There is no need to talk about the universality of choreographic language that can equal or even surpass the expressiveness of any other artistic discourse. Thus, it would be useless to talk about how ‘Us‘ is built on the ability of contemporary dance to synthesize emotions or ideas. The choreographer Jordan James Bridge creates a brief insight into the intimacy of inter-human relationships, shaping the movements of two female dancers whose kinetic and energetic chemistry incarnates not only a hypnotic duo, but also a moving metaphor about the loneliness or the impossibility of a total sensory symbiosis of individuals looking for the perfect balance.
Recalling now and then the strategies used by some of Israel’s most important choreographers (like Sharon Eyal, for example), fluid slow motions with slight acrobatic traits captured in a black-and-white alternation of an atemporal background are enhanced by an incantatory musical crescendo, featuring two androgynous bodies that fascinate not only by their unpredictable mobility but also by their generic ambiguity with which they portray the inter-human contacts. Placed rather in the area of abstract choreographic discourse which explores, within an immaterial meta-reality contoured by chameleonic luminosity, the interpersonal links embodied by an energetic confrontation, the short film includes both soloist passages and body interactions in a well-adjusted visual and acoustic experience. The expressive plasticity of the movements blends in with the contrasts of the stage-lighting, the details and the objective perspectives provoking in the viewer’s perception an emotional oscillation placed between contemplation and inner reactivity, since one of the creator’s subtextual stakes lies in the problem of the current partnerships’ sincerity.
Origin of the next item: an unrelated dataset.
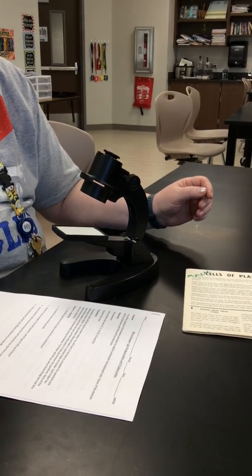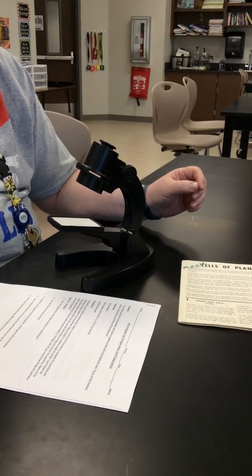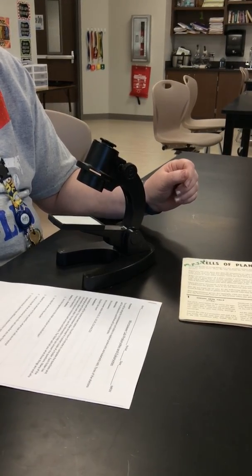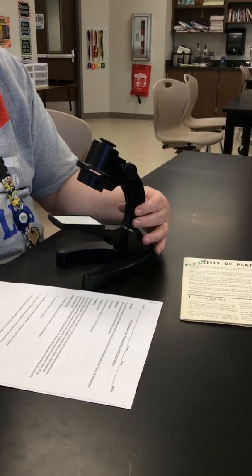Hi guys, welcome to another lab flip video. It's been a while but we haven't forgotten about them. We're actually going to be doing a two-day lab — Friday and Monday — and we're going to be using these nifty little gadgets called micro viewers.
Adopting a relatively wide range of choreographic strategies, with slow lunges or equilibrium exercises, the vision of Jordan James Bridge focuses on the subtleties of body language through which the kinetic grammar of everyday movements manage to define our humanity itself. The protagonists of this artistic project essentialize, thus, not only in a somewhat minimalist manner the strong core of the interior of some partners with all their specific emotive fluctuations, but also the general pattern of the social gesture formula through which people express or hide their true intent. In a similar manner to all the remarkable cine-choreographic moments of contemporary dance, ‘Us’ is a subtle and magnetic experience of unpredictable dynamism that analyses through an ambivalent filter the complexity of interhuman contact.